When CU 60 is an FCU, CU 60 further includes PSTN interface 78 which
enables CU 60 to communicate with a PSTN (e.g., PSTN 24, FIG. 1). When CU
60 is an MCU, CU 60 further includes RF interface unit 68. RF interface
unit 69 includes transceiver 70 and antenna 72, which enable CU 60 to
communicate over an RF link (e.g., to satellite 14, FIG. 1). When a CU is
capable of functioning as both an FCU and an MCU, the CU includes both
PSTN interface 78 and RF interface 68.
FIG. 4 illustrates a control function CF 90 which is used as CF 20 of FIG.
1 or CF 44 of FIG. 2 in accordance with a preferred embodiment of the
present invention. CF 90 includes CF processor 92, memory device 94, PSTN
interface 96, and vocoder processor 98. CF processor 92 performs the
functions of call setup and telemetry, tracking, and control. Memory
device 94 is used to store information needed by CF processor 92. In an
alternate embodiment, memory device 94 contains generic SCMs, dynamic
user-specific SCM tables and input stimulus tables for registered users.
When a call with a registered user is being set up, CF processor 92 sends
the dynamic user-specific SCM tables and the input stimulus tables to the
transmit CU and receive CU.
Vocoder processor 98 is used to encode and decode speech when a
conventional telephone (e.g., telephone 26, FIG. 1) is a party to a call
with a CU. When a call between a CU and an FCU (e.g., FCU 28. FIG. 1) is
being supported, vocoder processor 98 can be bypassed as shown in FIG. 4.
PSTN interface 96 allows CF processor 92 and vocoder processor 98 to
communicate with a PSTN (e.g., PSTN 24. FIG. 1).
CF 90 is connected to RF interface 100 by a hard-wired, RF, or optical
link. RF interface 100 includes transceiver 102 and antenna 104 which
enable CF 20 to communicate with satellites (eg., satellites 14, FIG. 1)

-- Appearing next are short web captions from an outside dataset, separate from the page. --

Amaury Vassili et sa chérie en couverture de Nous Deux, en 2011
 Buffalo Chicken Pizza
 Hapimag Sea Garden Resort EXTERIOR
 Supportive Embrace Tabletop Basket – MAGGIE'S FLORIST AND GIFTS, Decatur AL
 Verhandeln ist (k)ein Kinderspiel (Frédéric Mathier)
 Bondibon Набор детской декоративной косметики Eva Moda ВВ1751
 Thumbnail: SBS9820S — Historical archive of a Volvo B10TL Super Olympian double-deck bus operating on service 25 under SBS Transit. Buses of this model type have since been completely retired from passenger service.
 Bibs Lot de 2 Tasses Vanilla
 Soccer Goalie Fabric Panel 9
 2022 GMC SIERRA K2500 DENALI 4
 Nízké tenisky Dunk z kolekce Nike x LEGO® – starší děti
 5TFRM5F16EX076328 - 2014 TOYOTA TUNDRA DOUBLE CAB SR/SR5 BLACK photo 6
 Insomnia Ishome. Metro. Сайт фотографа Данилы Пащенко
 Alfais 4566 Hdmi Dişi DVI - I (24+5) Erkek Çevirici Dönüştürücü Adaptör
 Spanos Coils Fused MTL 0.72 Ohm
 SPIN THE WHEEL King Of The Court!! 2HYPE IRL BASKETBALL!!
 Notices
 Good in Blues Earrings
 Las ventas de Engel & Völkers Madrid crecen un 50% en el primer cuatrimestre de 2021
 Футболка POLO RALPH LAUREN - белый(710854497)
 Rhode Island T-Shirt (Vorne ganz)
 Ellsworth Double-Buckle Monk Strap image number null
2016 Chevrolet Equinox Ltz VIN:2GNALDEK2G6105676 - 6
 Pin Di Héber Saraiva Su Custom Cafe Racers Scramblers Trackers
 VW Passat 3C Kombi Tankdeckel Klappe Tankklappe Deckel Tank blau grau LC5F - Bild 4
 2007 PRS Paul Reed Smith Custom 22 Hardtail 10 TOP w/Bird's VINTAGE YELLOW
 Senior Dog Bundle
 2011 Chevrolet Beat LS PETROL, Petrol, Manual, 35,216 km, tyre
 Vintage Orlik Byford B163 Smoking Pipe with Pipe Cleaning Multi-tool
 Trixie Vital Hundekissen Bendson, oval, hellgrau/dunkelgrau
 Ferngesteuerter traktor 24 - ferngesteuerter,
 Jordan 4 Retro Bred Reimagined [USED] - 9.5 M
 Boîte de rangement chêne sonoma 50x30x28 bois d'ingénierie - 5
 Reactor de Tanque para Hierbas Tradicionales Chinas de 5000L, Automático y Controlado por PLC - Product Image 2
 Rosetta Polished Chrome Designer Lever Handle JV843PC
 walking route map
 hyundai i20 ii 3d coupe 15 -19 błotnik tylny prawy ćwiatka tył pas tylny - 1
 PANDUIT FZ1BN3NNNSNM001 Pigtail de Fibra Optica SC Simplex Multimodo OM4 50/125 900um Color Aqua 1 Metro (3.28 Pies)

or MCUs (e.g., MCUs 42, MG. 2), RF interface 100 can be co-located with CF
90, or can be remote from CF 90.
FIG. 5 is a flow diagram of an operational system in accordance with the
principles of the invention. The flow diagram assumes in step 501 that the
user is setting up a new account (e.g., when the user buys a new phone or
registers a different person to the phone).
In step 503, the phone enters training mode to learn the user's voice and
speech patterns. In one embodiment, the training task is performed by the
CU. In alternate embodiments the training task can be performed by other
devices (e.g., a CF). During the training task, speech data is collected
from the user and an dynamic user-specific SCM table and an input stimulus
table am created for that user. The dynamic user-specific SCM table and
input stimulus table can be generated in a compressed or uncompressed
form. The user is also given a user identification ID number.
The training task is either performed before a call attempt is made, or is
performed during vocoder initialization. The training task is performed,
for example, when the user executes a series of keypresses to reach the
training mode. These keypresses can be accompanied by display messages
from the CU designed to lead the user through the training mode.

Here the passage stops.